Il grande esperimento monetario del Quantitative easing si avvia a conclusione. Il suo ombrello protettivo ha permesso di sopravvivere anche a società decotte che ora rischiano di saltare
Il percorso di normalizzazione della politica monetaria, con l’uscita di programmi di Quantitative easing (Qe), è stato ormai intrapreso da tutte le principali banche centrali (tranne quella giapponese). Alcune lo hanno fatto, per il momento, solo a parole, altre come la Fed sono già avanti lungo il sentiero di restrizione dei tassi di interesse.
Eoin Murray, responsabile investimenti di Hermes Investment Management avverte che “quando i tassi di interesse inizieranno ad aumentare significativamente, le società che sono state in grado finanziarsi a basso costo ricorrendo al debito si troveranno senza difese. Si tratta di aziende zombie che in un ciclo di tassi normali sarebbero già scomparse. Le banche centrali sono riuscite – involontariamente – a frenare la selezione naturale, fondamentale per un mercato sano, provocando un effetto domino sui flussi di denaro verso nuove imprese. Ma alla fine, l’ordine naturale delle cose prevarrà comunque”.
Gli investitori non sono pronti
A questo cambiamento di scenario gli investitori non sembrano essere pronti.
“Rileviamo – riprende Murray – un preoccupante sviluppo che riguarda il ritorno delle emissioni ‘covenant-lite’ o ‘cov-lite’ sul mercato istituzionale, fattore che rende meno probabile la ripresa da un fallimento”.
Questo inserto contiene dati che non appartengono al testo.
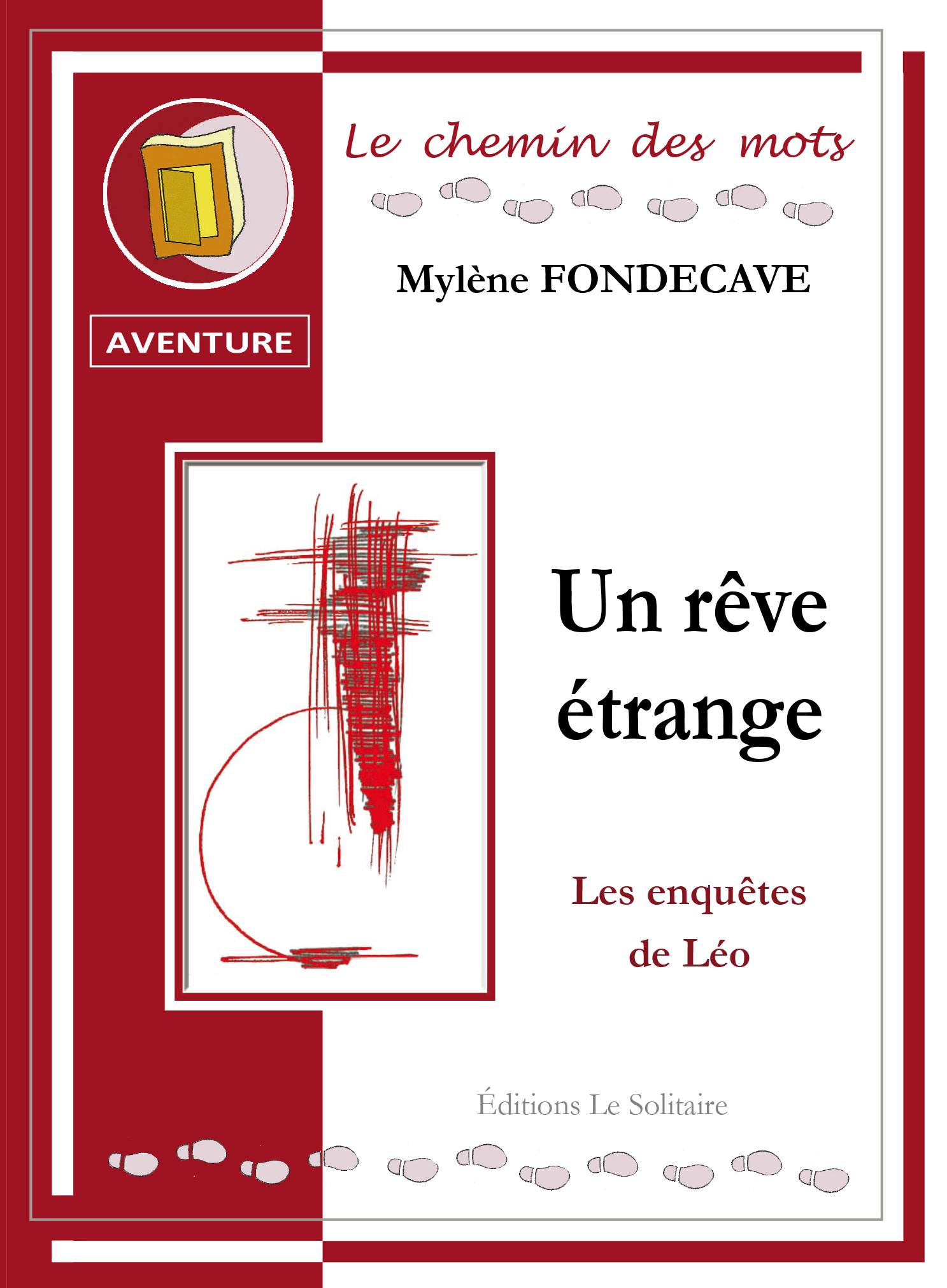 FONDECAVE Mylène / Un rêve étrange / Les enquêtes de Léo (N°3)
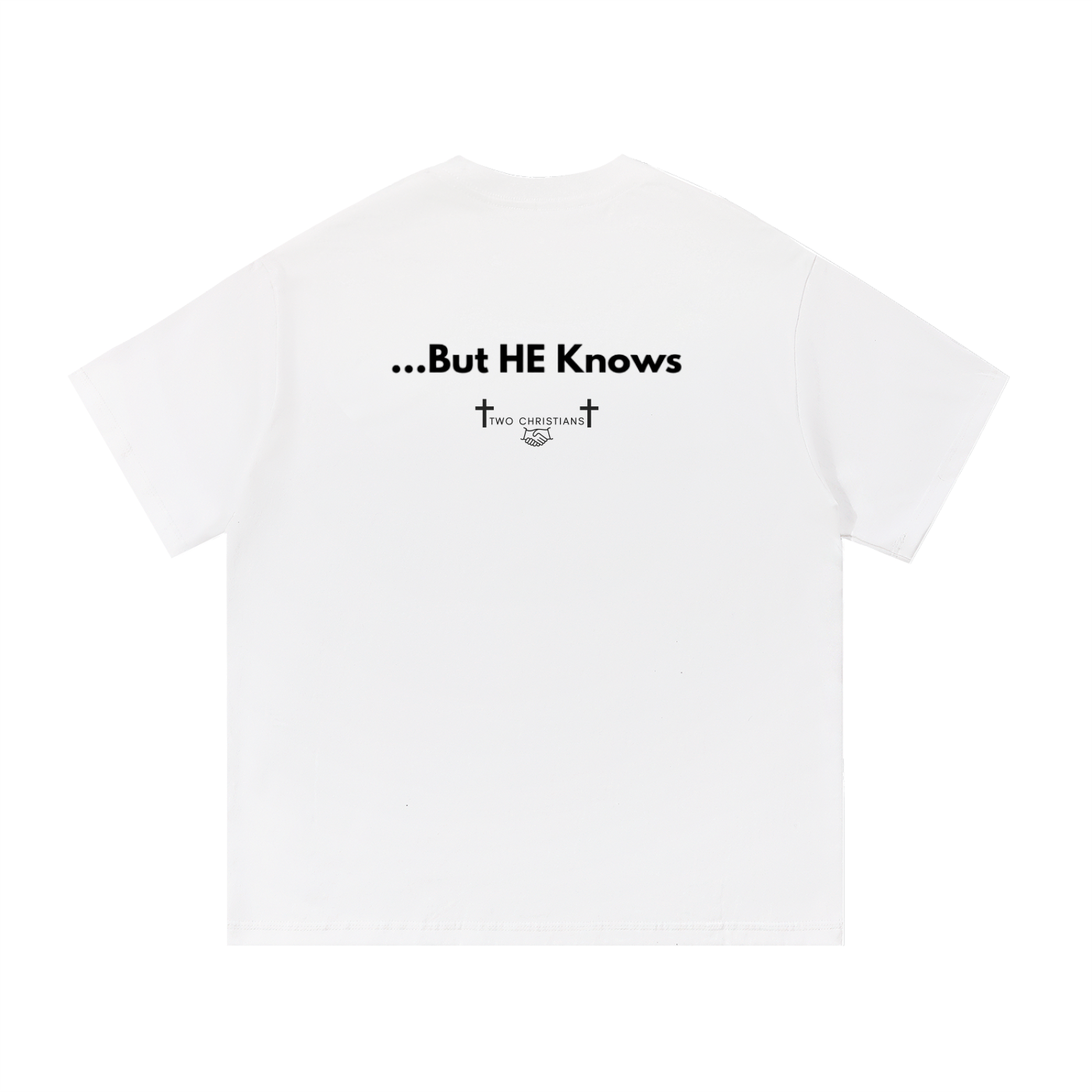 But HE Knows T-Shirt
I covenant sono clausole vincolanti di tutela dei finanziatori di un’impresa contro il rischio di danni causati da gestioni eccessivamente rischiose dei finanziamenti concessi.
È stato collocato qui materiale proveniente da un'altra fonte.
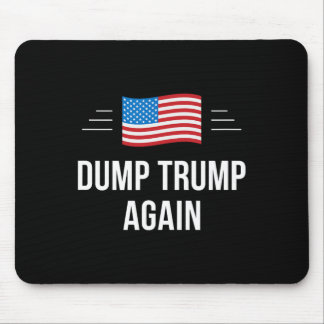 Mousepad Dump Trump Again - 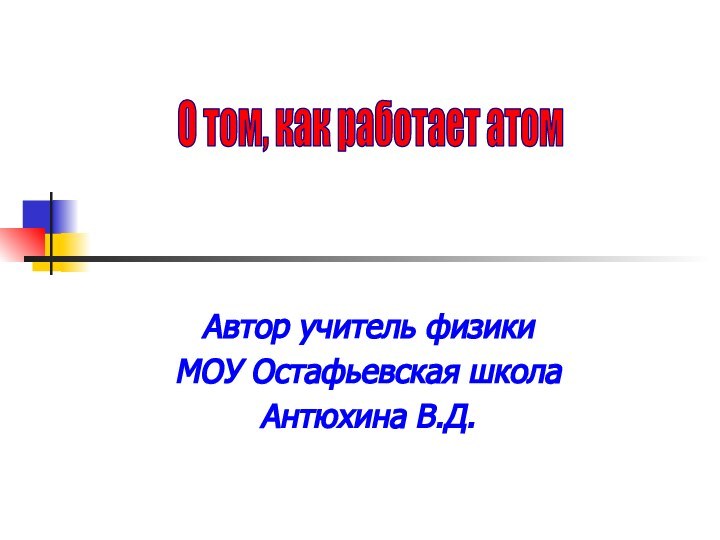 Автор учитель физикиМОУ Остафьевская школаАнтюхина В.Д.О том, как работает атом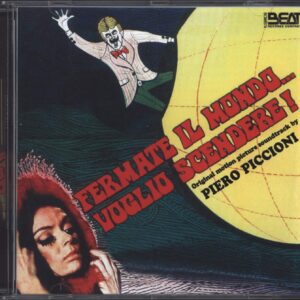 Piero Piccioni: Fermate Il Mondo ... Voglio Scendere!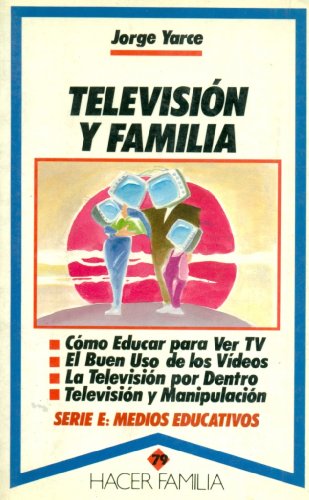 Beispielbild fr Televisin y familia zum Verkauf von Tik Books ME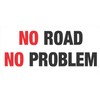 No Road No Problem Offroad Bumper Sticker/Decal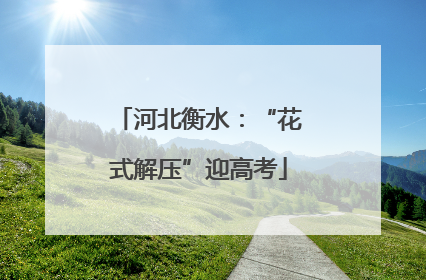 河北衡水：“花式解压”迎高考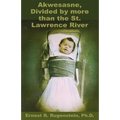 Akwesasne: Divided by more than the St. Lawrence River - Paperback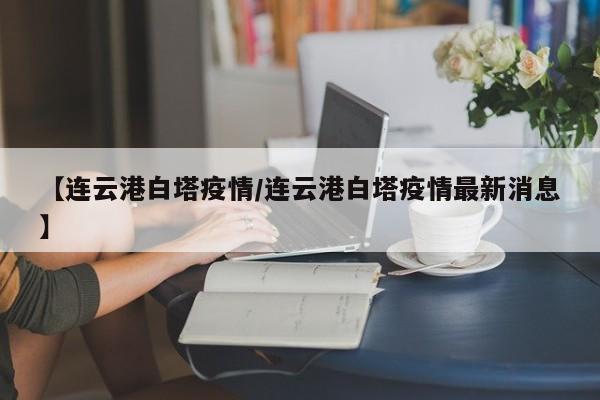 【连云港白塔疫情/连云港白塔疫情最新消息】
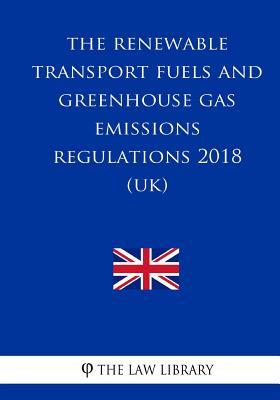 Read The Renewable Transport Fuels and Greenhouse Gas Emissions Regulations 2018 (Uk) - The Law Library | ePub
“Se ripensiamo al 2009, circa il 2% dei prestiti emessi era di tipo cov-lite – senza o con minori clausole o collaterali – nel 2010 il dato era salito al 10%, nel 2013 abbiamo osservato un balzo fino al 59% e nel 2016 la cifra è salita al 75%. Essenzialmente, questo significa che ci sono aziende che prendono denaro in prestito senza concedere una debita protezione ai finanziatori, che in realtà dovrebbero invece richiederla. Questo potrebbe rappresentare una potenziale polveriera per i mercati obbligazionari, e senza dubbio una polveriera che ricorda molto la situazione precedente il 2008”.